Fu Tingyan tidak mau membayangkan gambaran yang terlalu indah.
Senang rasanya memiliki seorang pria yang selalu melindungi dalam hal apapun.
Hati Qin Shu terasa manis. Pagi ini, dia makan sedikit lebih banyak dari biasanya.
Setelah menyelesaikan sarapannya, Qin Shu teringat sesuatu dan berujar pada Fu Tingyu.
"Yu, aku berencana melanjutkan pendidikanku di sekolah agar bisa mendapatkan ijazah kelulusan dari SMA Linxi."

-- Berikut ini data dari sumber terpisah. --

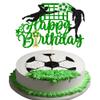 1Pcs Soccer Happy Birthday Cake Topper Glitter Happy Birthday Sign Football Player Cake Pick Decorations for Sport Theme Man Boy Girl Party Decoration Supplies Green view 1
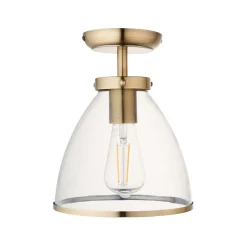 Brunswick Antique Brass & Glass Flush Ceiling Light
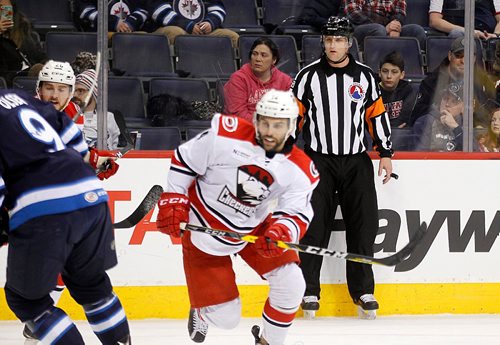 PHIL HOSSACK / WINNIPEG FREE PRESS  - AHL referee Chris Schlenker oversees a game between the Manitoba Moose and the Charlotte Checkers Thursday evening at the MTS Centre. See Mike Sawatzky story.  story. . -  March 3, 2017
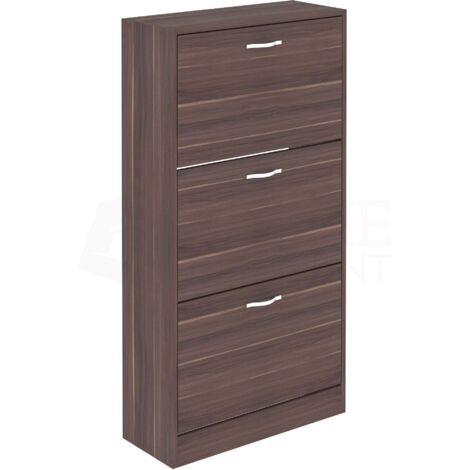 3 Schubladen Schuhschrank Flur Aufbewahrung Schrank Stehschrank, Walnuss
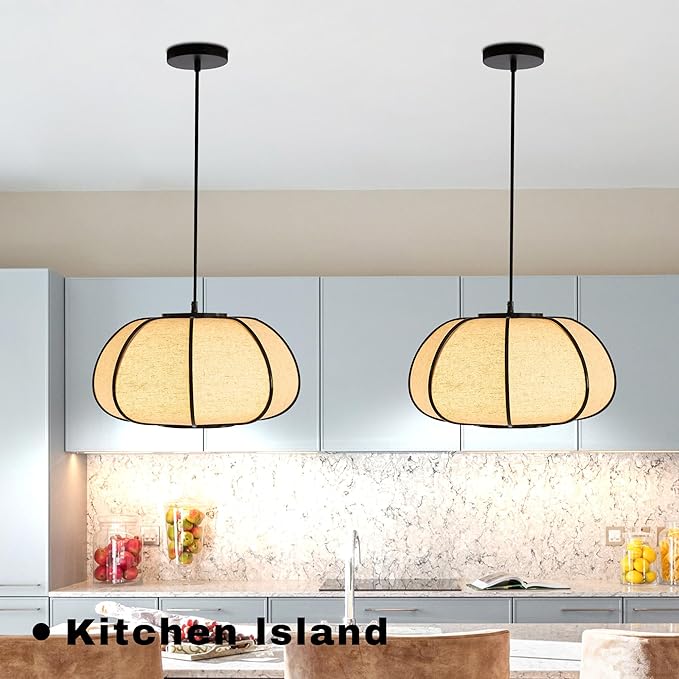 15" Bamboo Pumpkin Pendant Light, Adjustable 71" Hanging Lamp with Boho Japandi Fabric Shade, Ceiling Light for Dining Room, Kitchen, Bedroom, E26 Base (Black Color)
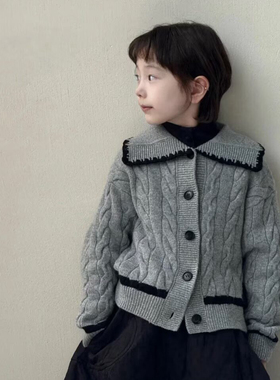 童乐鱼2025秋冬新款男女童翻领毛衣针织衫毛线开衫中大童儿童0261
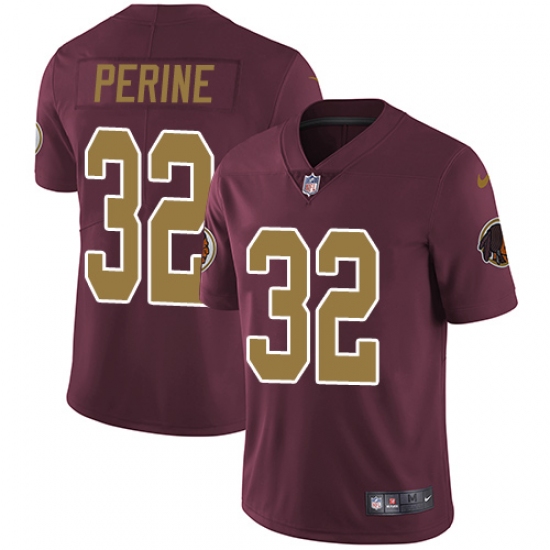 Men's Nike Washington Redskins 32 Samaje Perine Burgundy Red/Gold Number Alternate 80TH Anniversary Vapor Untouchable Limited Player NFL Jersey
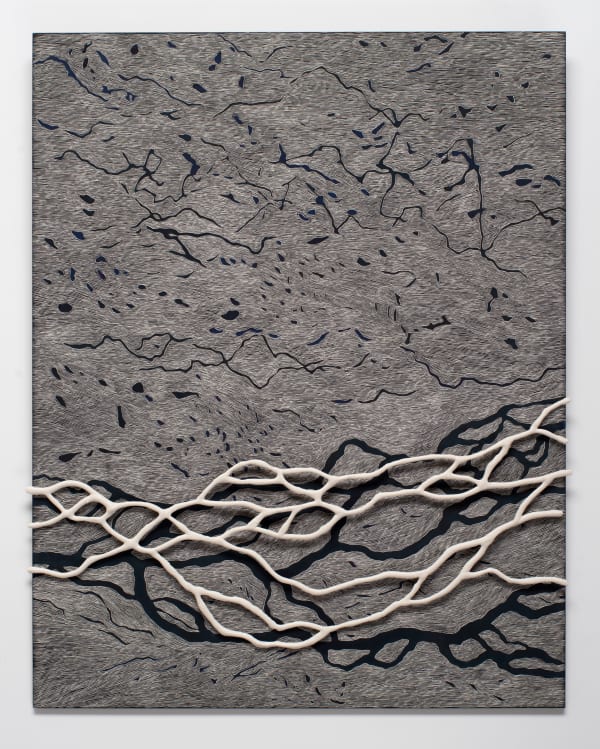 Sue Lovegrove Meltwater No 18.6, 2025 watercolor & porcelain with 23ct gold leaf on scratchboard 35.5 x 28 cm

Fu Tingyan tidak bisa menahan tawanya. "Kakak ipar, aku benar-benar tidak berniat merendahkanmu, tapi dilihat dari nilaimu yang selalu menempati peringkat terendah di kelas, bahkan jika kamu bersekolah pun tidak akan ada gunanya. Jika orang lain tahu bahwa kamu adalah istri kakakku, mereka pasti akan menertawakanmu tanpa henti."